Police wouldn’t let them bring a Torah scroll into the service, but before entering the plaza, the group sang as one woman held a scroll at the plaza’s gate.
One small step for woman holding scroll. No discernable big step for anybody.
Police acted on the side of caution, because, as they had done a month ago, thousands of seminary girls packed the plaza by the Wall and prayed quietly during Wednesday morning’s service.
None of the young women blew a shofar or pass the Torah around, but they did say Hallel, and Mussaf, quietly.
So police decided to barricade the 300 or so Women of the Wall and their male supporters at the back of the plaza, far away from the Wall, behind a heavy police barricade, a 15-foot buffer zone and two lines of police, according to the JTA report.
A WOW statement complained that they were “corralled into a small pen in the Western Wall Plaza, 150 meters from the Kotel. This, despite requests of Women of the Wall and MK Aliza Lavie, chair of the Knesset Committee on the Status of Women (Lavie in a letter to Minister of Internal Security Aharonowitz), to allow women to pray freely, according to their tradition at the holy site.”
Meanwhile, over at the men’s section, Haredim blew whistles and chanted insults. One Haredi guy chanted psalms into a megaphone, disrupting the WOW service.
The WOW statement accused Rabbi Shmuel Rabinowitz, appointed administrator of the Western Wall and holy places, of leading prayers and addressing worshipers over this loudspeaker while the WOW attempted to pray together.
“The sound system is for public use,” they wrote, “and yet never in 25 years has it been used on Rosh Chodesh, until last month. Rabinowitz chose to use his status to take a biased and discriminatory stance: to drown out women’s prayer in favor of his own.”
In other words, a kind of Mutually Assured Disturbance was observed by both sides.
Women of the Wall chair Anat Hoffman said, “We will not forget that the Torah is exiled from the Western Wall, due to the discriminatory misuse of power by Rabbi Rabinowitz. Israel is the only democracy in the world that by law prohibits women from reading Torah. Unfortunately, the only people who felt at home today at the Kotel were the ultra-Orthodox worshippers and the police and Rabinowitz collaborated towards this end.”
Except, whenever this reporter asks the WOW to comment on the similarities between their case and the exile of Jews from setting foot freely, much less praying, on the Temple Mount, they clam up and declare those are totally different things. Freedom is freedom is freedom, unless you are a religious hypocrite, with whom this country has been richly blessed.
JTA noted that over the two Rosh Chodesh days, last month and today, a new status quo has developed at the Wall during the Women of the Wall attempted service: Orthodox girls arrive en masse and pray quietly next to the Wall, Police place Women of the Wall under a heavy barricade, and protesters try to interrupt them.

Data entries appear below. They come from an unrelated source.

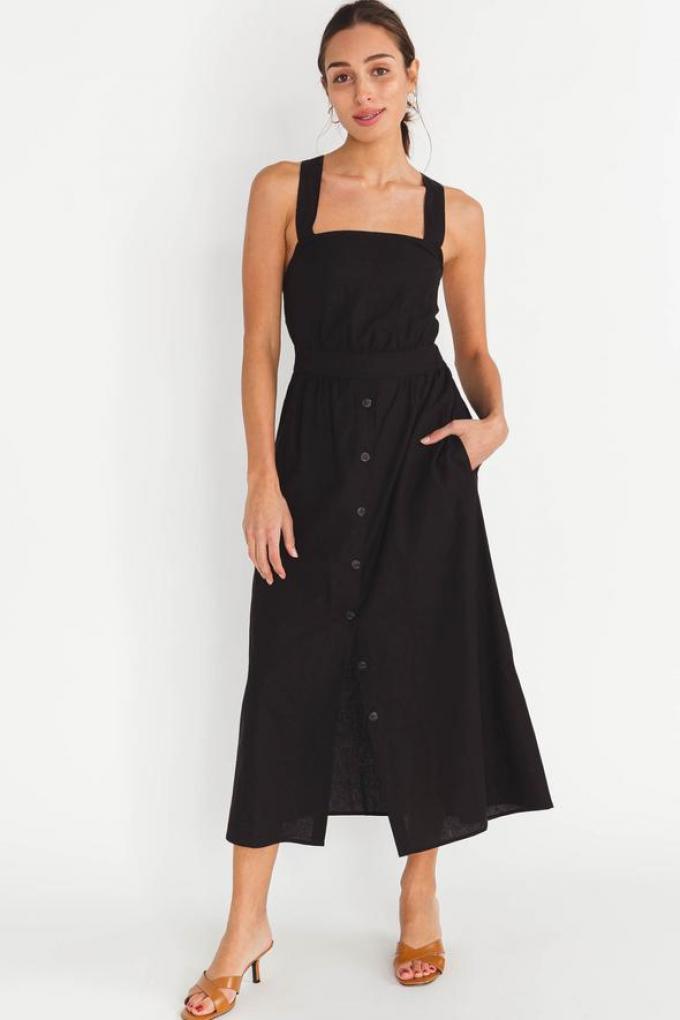 Simpele zwarte parisienne-jurk met knoopjes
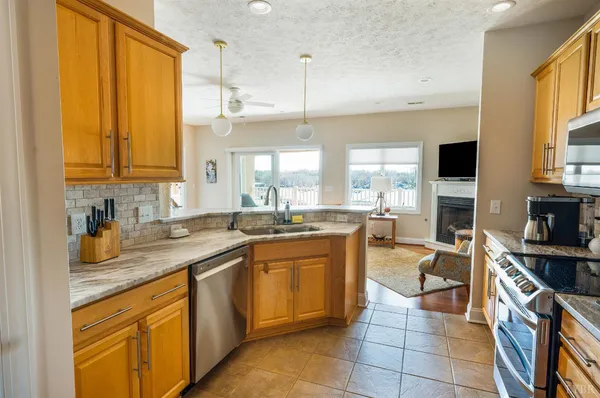 a kitchen with a sink and a window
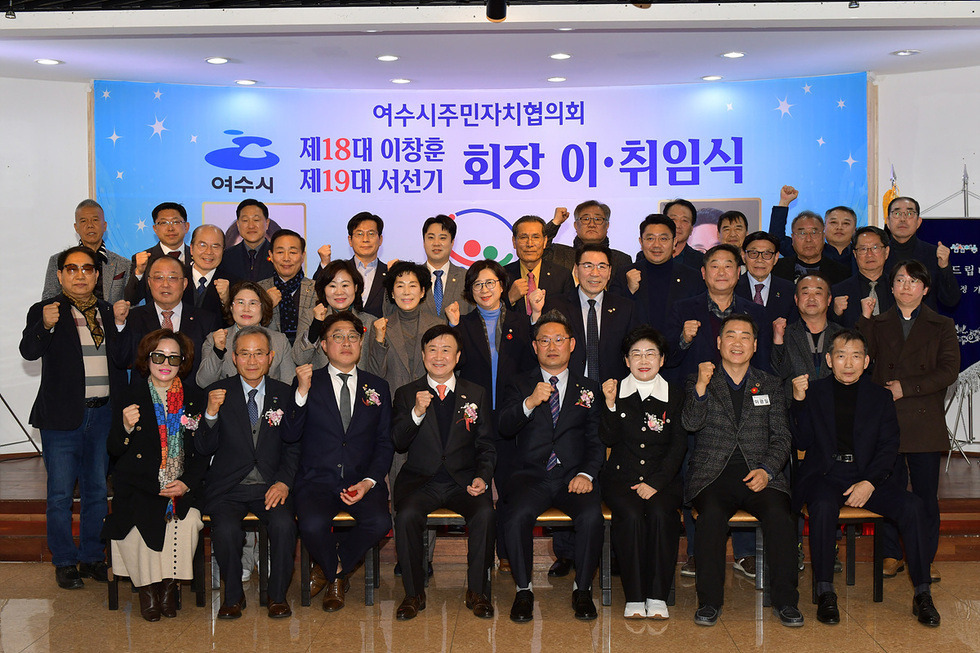 여수시 주민자치협의회에서 제18대 이창훈과 제19대 서선기의 회장 취임식이 진행되고 있다. 참석자들이 단체 사진을 찍으며 주먹을 쥐고 포즈를 취하고 있다.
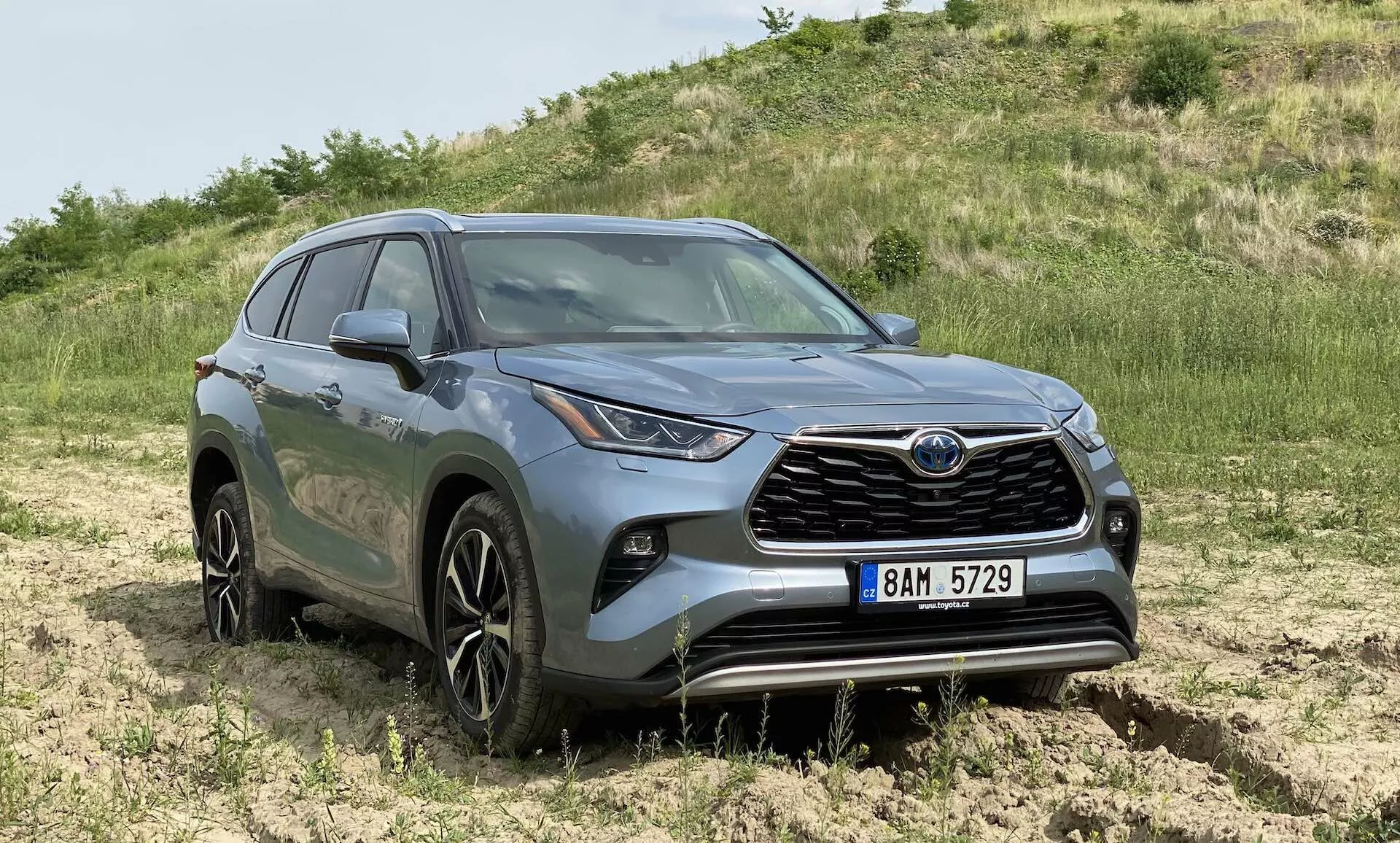 Vue de trois quarts avant d'un SUV Toyota Highlander 2.5 Hybrid Business Edition gris, positionné en extérieur dans une zone hors route avec de l'herbe et de la terre. L'image met en évidence la calandre avant proéminente avec l'emblème de la marque, les phares LED distinctifs qui s'étendent sur les côtés, les jantes en alliage multi-branches d'environ 18-20 pouces, les lignes sculptées de la carrosserie avec des ailes galbées, la hauteur surélevée suggérant des capacités de traction intégrale, les feux de brouillard du pare-chocs avant, les rétroviseurs latéraux avec indicateurs de clignotant intégrés et les vitres teintées à l'arrière. L'image offre une vue claire de ces caractéristiques à hauteur d'œil, avec une lumière naturelle montrant les détails de couleur et de design de la voiture.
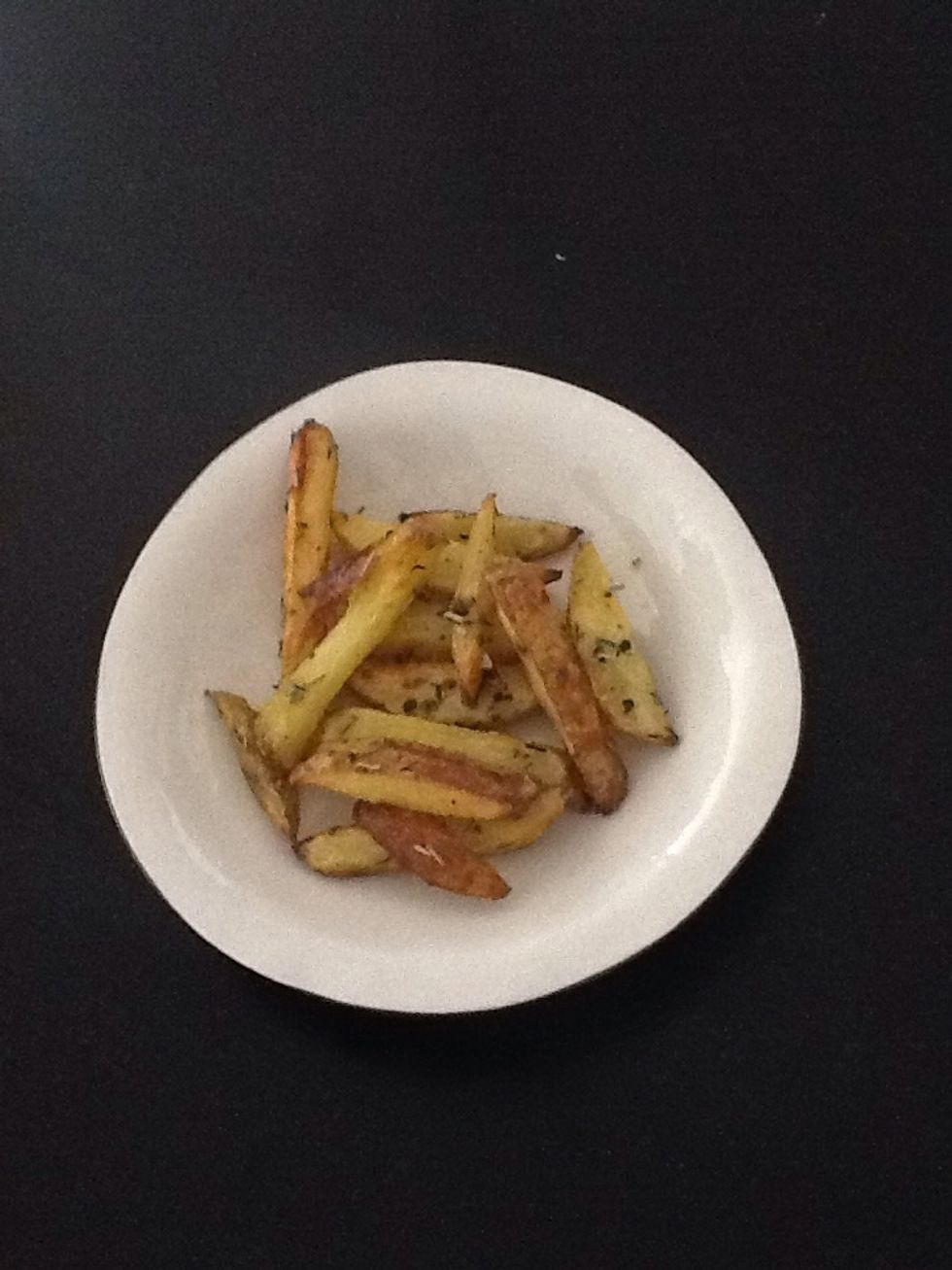 Take out your potatoes from the owen, and add them to a plate
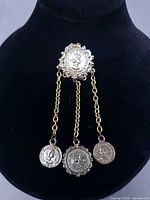 Full view of brooch showing three coin drops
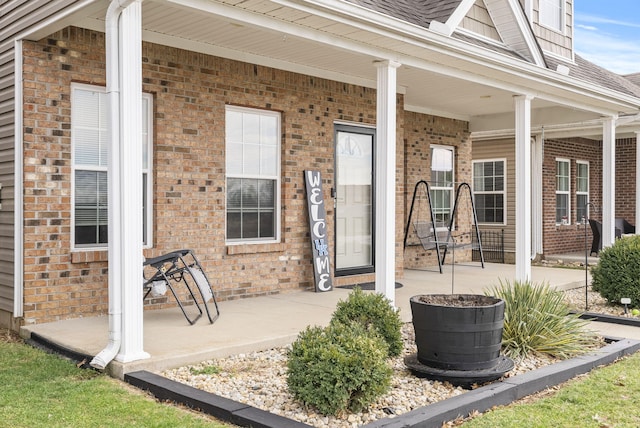 view of exterior entry with a porch, a shingled roof, and brick siding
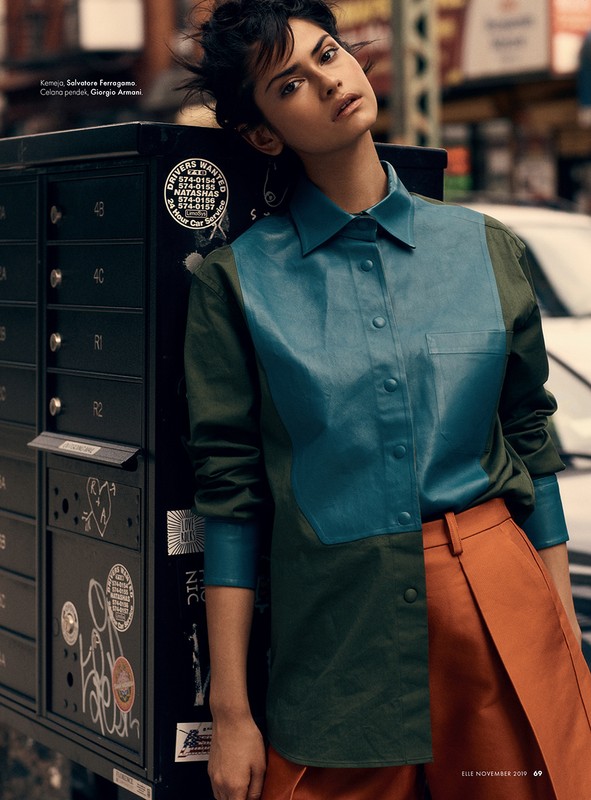 Fashion shot of a woman posing near a mailbox in a city street, wearing a color-blocked button-down shirt and high-waisted skirt.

Two months ago, the protesters were “raucous and violent,” meaning they threw chairs at the WOW, this time things were relatively civil. And by the time WOW leader Hoffman blew the shofar, most of the protesters had already dispersed.
“More than ten women blew shofar together at the Kotel, as is traditional in the Jewish month of Elul preceding the high holy days,” reads the WOW statement. “The sounding of the ram’s horn symbolizes Women of the Wall’s perseverance and determination to see justice for women at the Western Wall, in Israel and around the World.”
Not so much justice as a little bit of civility. You don’t want to be drowned out by megaphones, please don’t do stuff that upsets folks who have been davening here since 1967. It appears the WOW are learning a hard lesson of what happens when you really awaken a Haredi lion from his/her slumber. It’s been known to bite.
Let’s hope nobody forgot to say Ya’aleh V’yavo – which you can always say later, during benching.